[Working data]
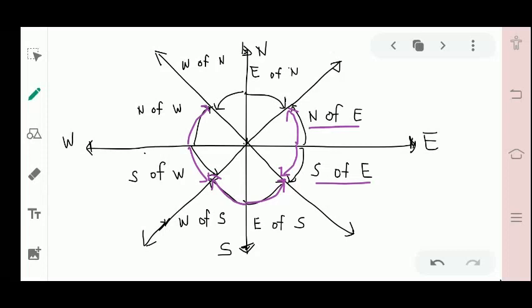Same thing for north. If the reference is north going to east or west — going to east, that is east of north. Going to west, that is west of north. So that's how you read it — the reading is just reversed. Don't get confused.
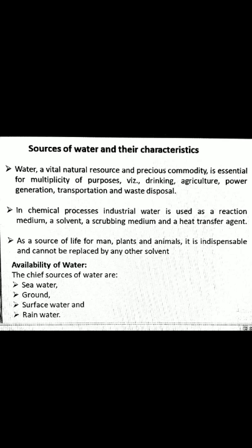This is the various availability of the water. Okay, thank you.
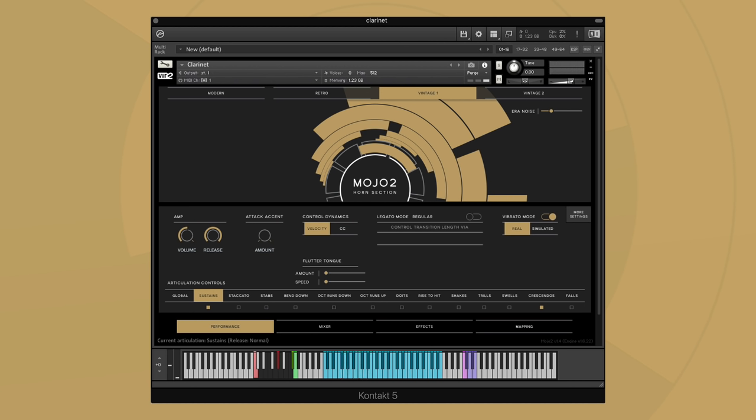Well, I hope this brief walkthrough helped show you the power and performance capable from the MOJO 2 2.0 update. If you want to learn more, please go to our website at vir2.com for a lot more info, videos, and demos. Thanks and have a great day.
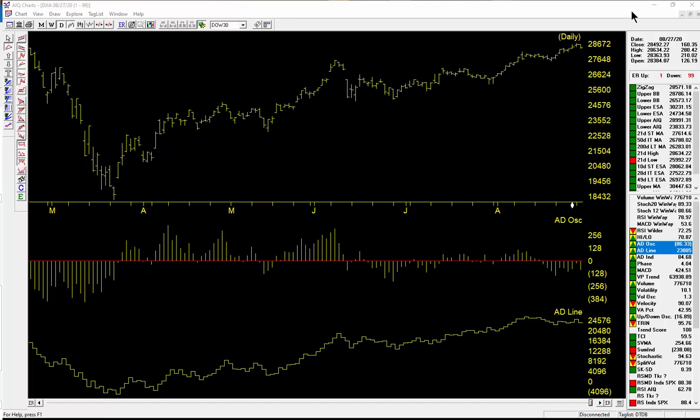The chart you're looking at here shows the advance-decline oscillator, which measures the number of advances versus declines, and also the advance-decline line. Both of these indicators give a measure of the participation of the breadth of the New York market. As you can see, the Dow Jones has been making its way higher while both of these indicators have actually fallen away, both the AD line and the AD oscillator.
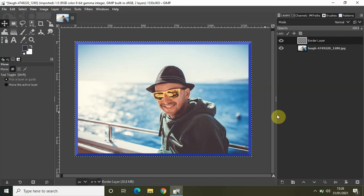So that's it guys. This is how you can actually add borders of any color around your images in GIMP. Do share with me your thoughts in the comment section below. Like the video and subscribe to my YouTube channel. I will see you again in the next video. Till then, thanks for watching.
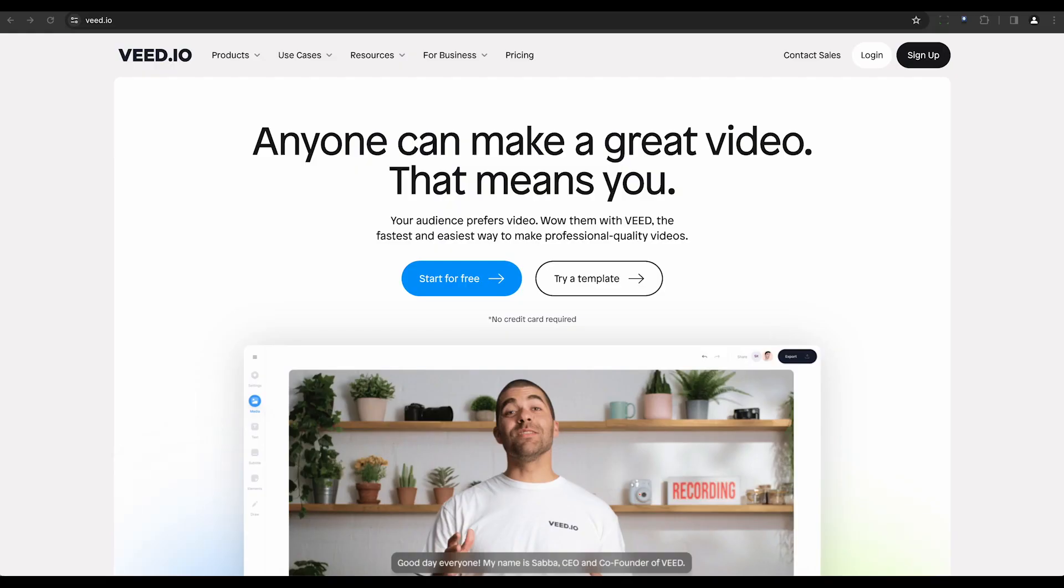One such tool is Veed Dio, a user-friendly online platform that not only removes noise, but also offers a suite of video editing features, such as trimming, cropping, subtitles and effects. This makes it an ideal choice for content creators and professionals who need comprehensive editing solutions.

...

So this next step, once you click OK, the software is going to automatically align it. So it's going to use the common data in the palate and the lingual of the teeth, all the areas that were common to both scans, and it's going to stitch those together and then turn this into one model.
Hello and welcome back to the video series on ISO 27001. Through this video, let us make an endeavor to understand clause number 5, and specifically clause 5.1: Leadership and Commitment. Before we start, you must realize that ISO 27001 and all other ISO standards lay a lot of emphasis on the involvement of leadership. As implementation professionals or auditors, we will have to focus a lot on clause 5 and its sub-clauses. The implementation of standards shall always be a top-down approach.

...

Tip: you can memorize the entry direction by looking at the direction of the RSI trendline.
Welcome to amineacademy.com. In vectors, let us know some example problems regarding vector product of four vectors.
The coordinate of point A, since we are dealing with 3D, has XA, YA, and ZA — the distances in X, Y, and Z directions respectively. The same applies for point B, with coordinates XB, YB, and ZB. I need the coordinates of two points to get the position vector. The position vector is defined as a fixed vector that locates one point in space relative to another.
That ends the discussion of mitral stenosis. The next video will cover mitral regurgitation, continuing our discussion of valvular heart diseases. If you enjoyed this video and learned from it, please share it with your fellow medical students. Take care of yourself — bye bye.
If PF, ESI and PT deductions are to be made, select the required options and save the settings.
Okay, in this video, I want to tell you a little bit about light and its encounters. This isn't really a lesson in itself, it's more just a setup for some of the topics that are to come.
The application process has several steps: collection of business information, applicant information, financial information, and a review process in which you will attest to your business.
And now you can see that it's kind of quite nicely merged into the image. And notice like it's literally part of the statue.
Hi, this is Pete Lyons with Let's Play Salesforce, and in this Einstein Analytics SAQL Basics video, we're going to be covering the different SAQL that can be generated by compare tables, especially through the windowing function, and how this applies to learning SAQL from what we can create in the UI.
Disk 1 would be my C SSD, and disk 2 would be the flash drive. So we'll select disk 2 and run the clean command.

[What needs to be done] Your task is to restate, word for word, only those lines above that fall between the line holding "And now you" and the line holding "Disk 1 would", inclusive.

[Output for this task]
And now you can see that it's kind of quite nicely merged into the image. And notice like it's literally part of the statue.
Hi, this is Pete Lyons with Let's Play Salesforce, and in this Einstein Analytics SAQL Basics video, we're going to be covering the different SAQL that can be generated by compare tables, especially through the windowing function, and how this applies to learning SAQL from what we can create in the UI.
Disk 1 would be my C SSD, and disk 2 would be the flash drive. So we'll select disk 2 and run the clean command.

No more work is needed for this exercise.